Sadness. Anger. Disbelief.
That’s what I’ve seen proliferating across my social media feeds this week as we all try to process yet another tragedy.
The bombs at the Boston marathon followed too closely on the heels of the death of Rehtaeh Parsons, the Halifax teen who committed suicide after being allegedly gang-raped. It’s as though society’s careening into a crater we’re digging ourselves; the violence, the anger, the hatred, the screaming. It’s overwhelming. It’s sickening. It’s discouraging.
Edmund Burke wrote, ?The only thing necessary for the triumph of evil is for good men to do nothing.? It’s easy to mouth sayings, but how are we supposed to do something? Or what, specifically, can we do against all this violence, all this cruelty?
The answer may be simpler than you think.
Increased safety measures, awareness campaigns, and petitions to change laws and policies: All of these are good things, sure. Grassroots anything is a good thing. But the problem with grassroots is that you need to make sure you really are at the root. And while talking about bullying and guns and terrorism is good and helpful, It’s never going to be complete enough, because it doesn’t go quite all the way.

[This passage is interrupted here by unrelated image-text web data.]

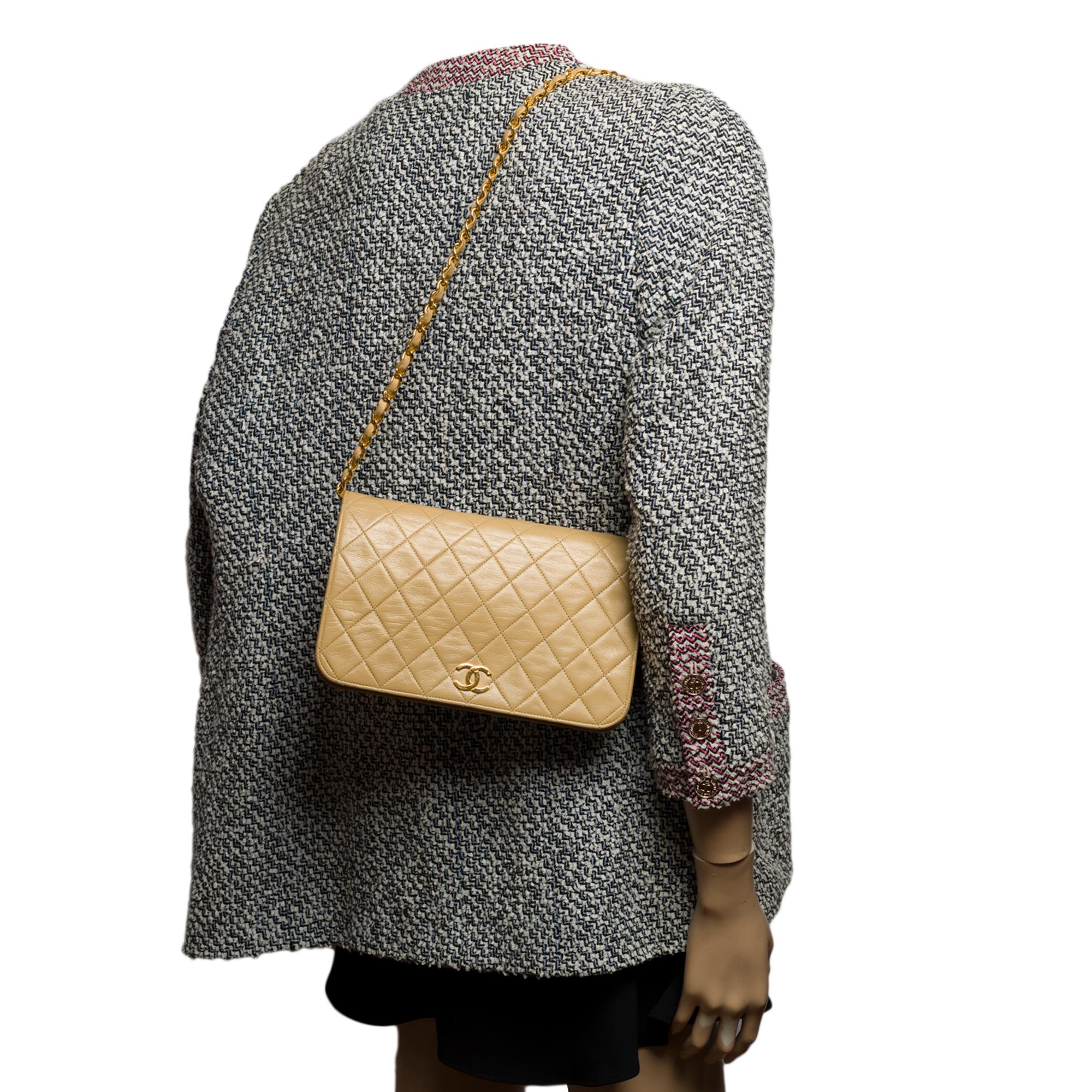 Bolso Chanel Classic Full Flap de piel acolchada beige y GHW 5
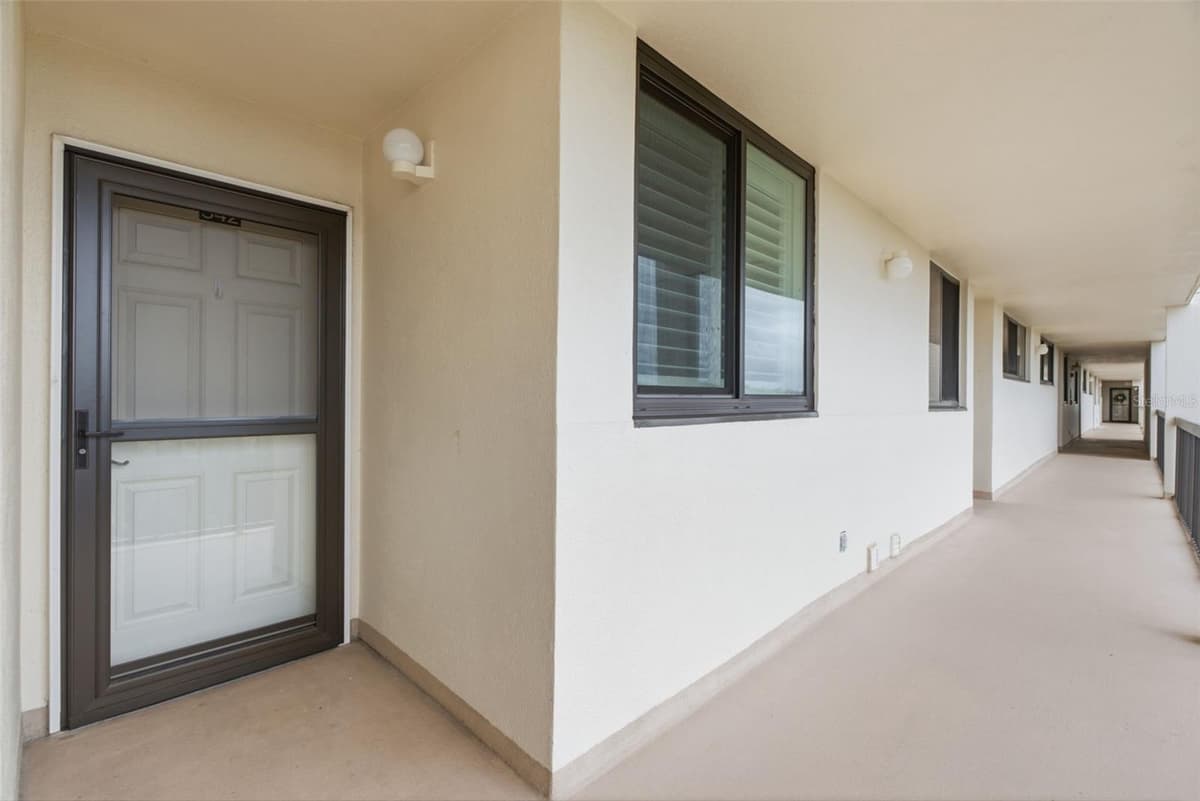 11590 SHIPWATCH DRIVE — photo 9 of 36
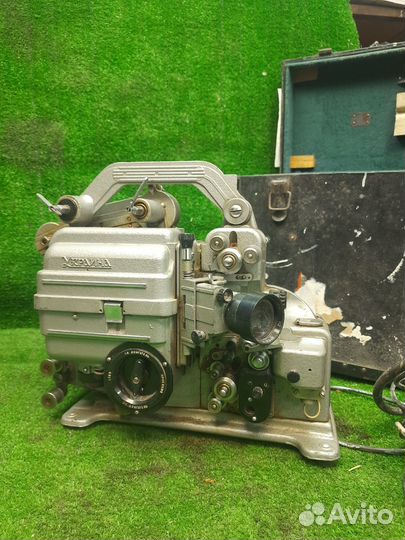 Советский кинопроектор «Украина»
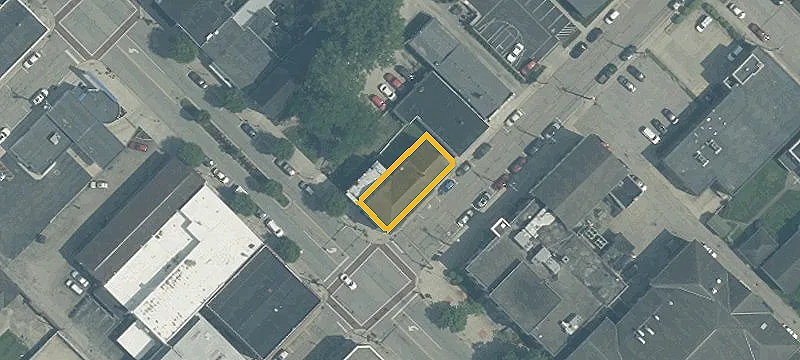 250 Main St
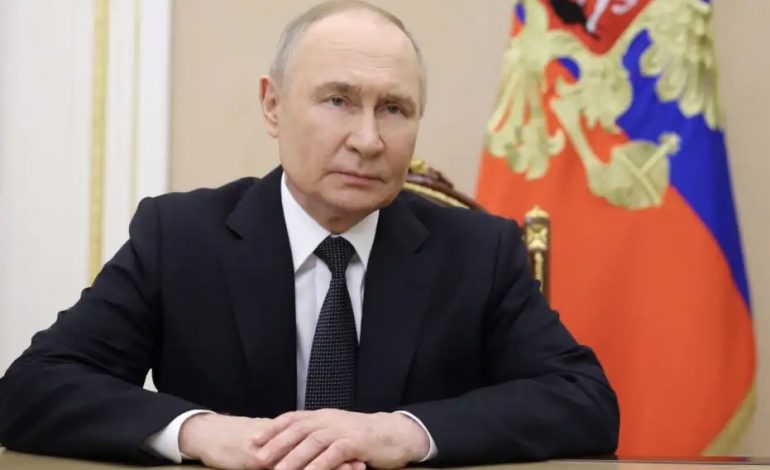 “NE JEMI TË GATSHËM TË PRESIM”/ Putin fajëson Ukrainën për mungesën e përparimit në bisedimet për armëpushim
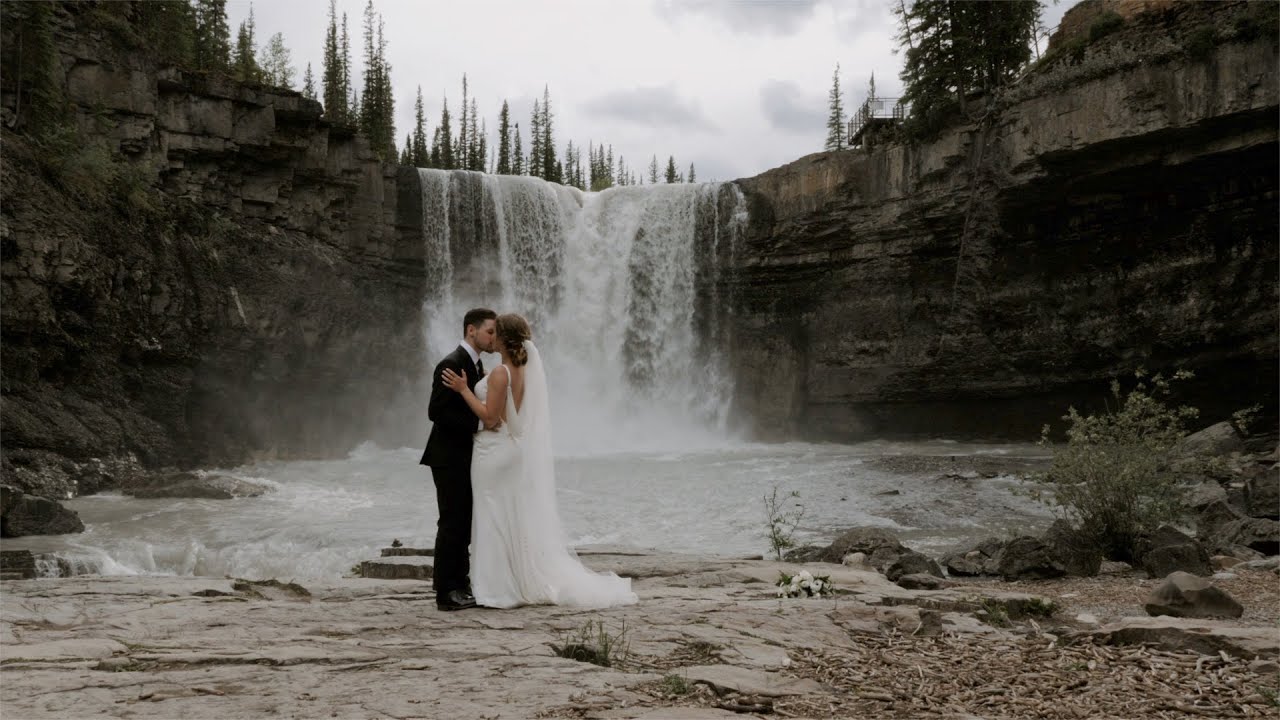 Alberta Intimate Mountain Wedding | Abraham Lake Elopement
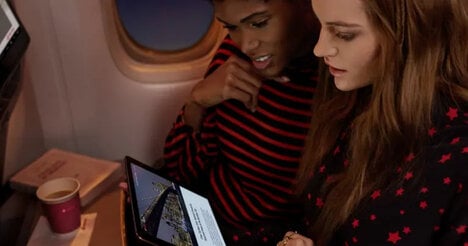 Satellite-Connected Flights
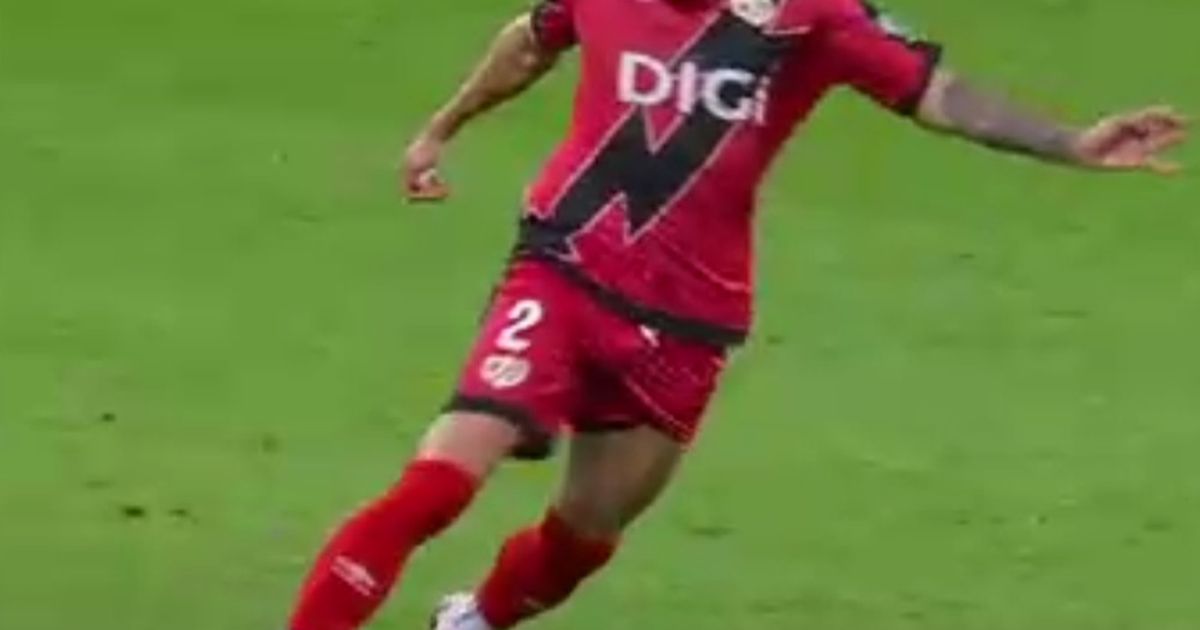 Rațiu a stârnit controverse. FOTO: Românul a fost decisiv la golul victoriei lui Rayo, însă fanii adverși au contestat faza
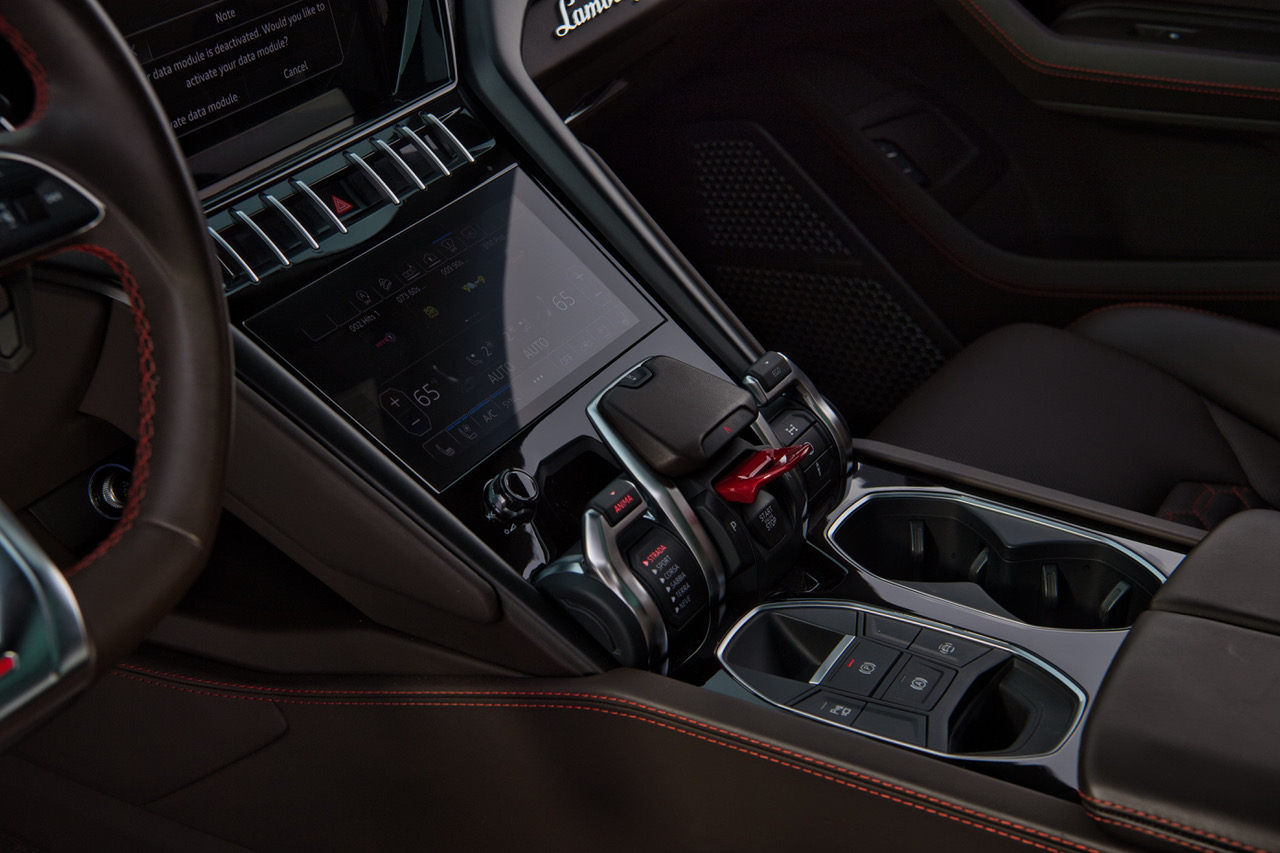 2021 Lamborghini Urus Pearl Capsule - Photo 28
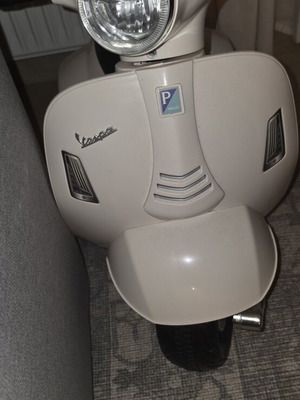 Vespa GTS Super Sport children's electric scooter like new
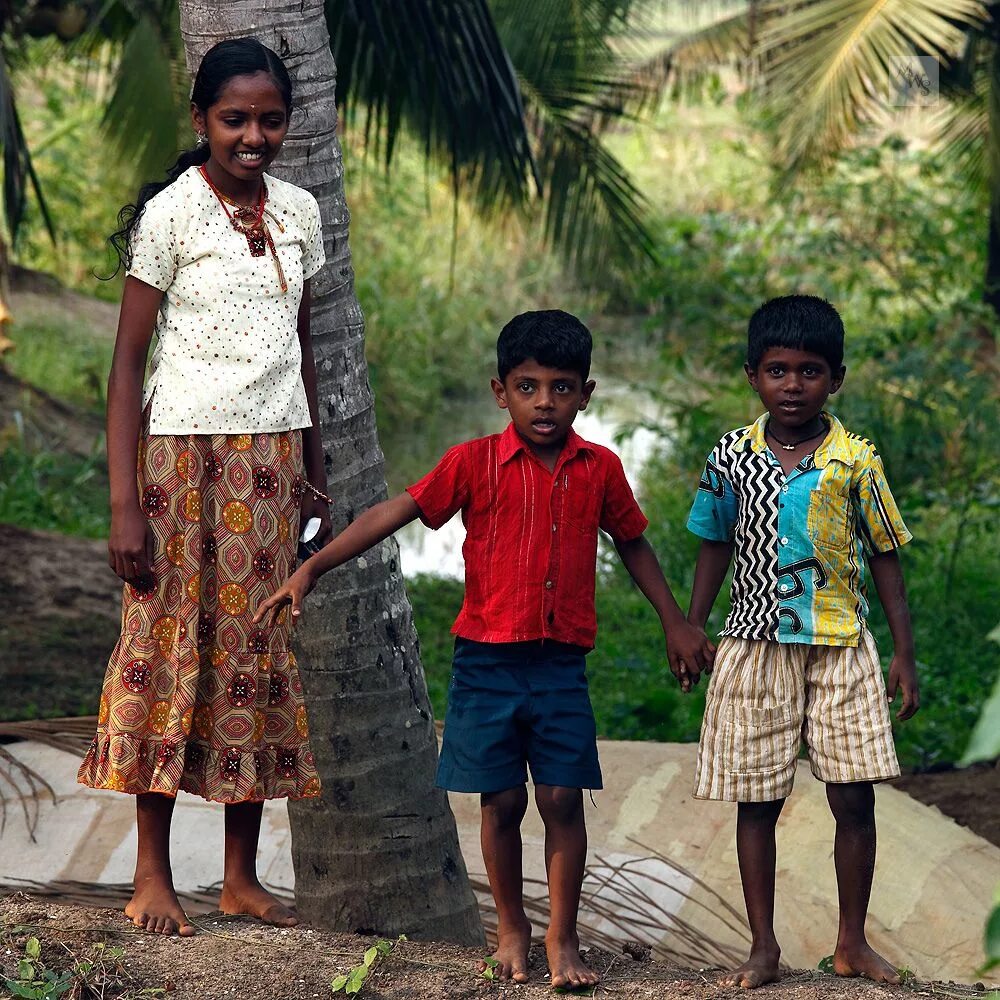 Children village live. Village children. Village Kids India. Village Kids фото. Poor indian Village Kids.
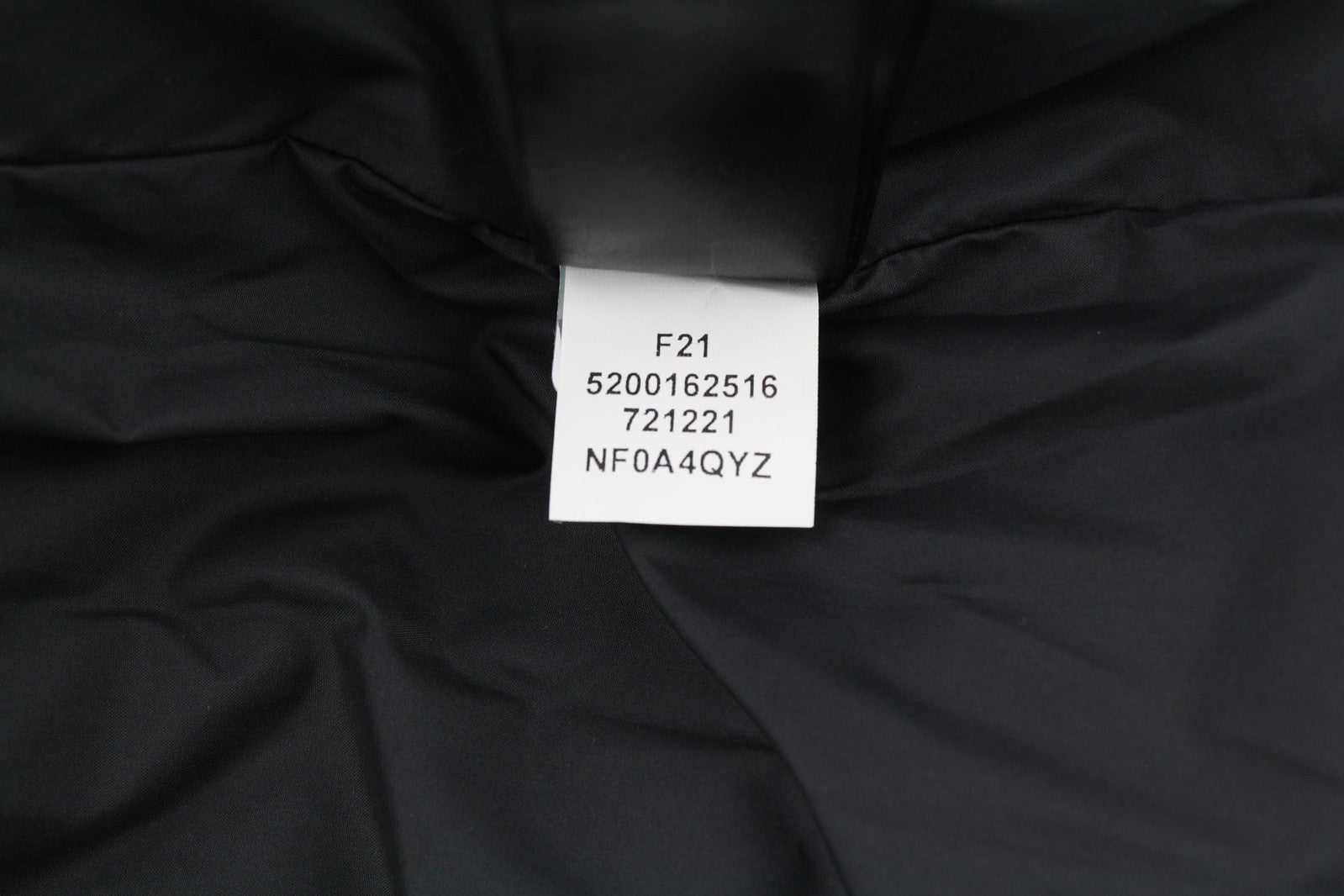 THE NORTH FACE Himalayan Insulated vyriška striukė M, juoda, dygsniuota, su pamušalu, žieminė, su logotipu 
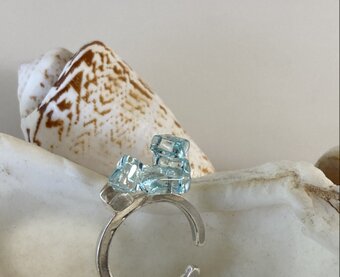 イヤーカフ・薄水色硝子の結晶/950silver・ガラス | iichi 日々の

The problem is that in all our solutions, the thrust is in the wrong direction. we’re trying to change the world. But we can’t even hope for a fraction of success if we don’t first work at changing ourselves.
Edmund Burke might have meant that standing by and watching evil being done is as good as giving the evildoers a helping hand. But maybe he meant something bigger. Maybe he meant that in the end, it comes down to choices. That each of us, every day, every hour, every minute, even, is faced with a choice: how will we spend this time? What will we do? How will we react? How will we look at someone, think about someone, speak to someone?
Selfishness, pride, greed, anger, resentment?all are players in the ?bigger? bad decisions we see in the news. But they’re also present in our own poor decisions, and That’s a scary thought. Maybe our choices will never go anywhere near as far as mass killings or shootouts or even bullying a kid with glasses. But it doesn’t mean that bit by bit, cumulatively, our small little choices throughout the day won’t make a difference for good or for evil.
So today, take some time to remember all the victims of violence and cruelty. Then take a look inside, and never stop looking; because when we don’t bother to control ourselves, then we are, like Burke said, just standing around doing nothing.
And That’s the quickest way to let evil win.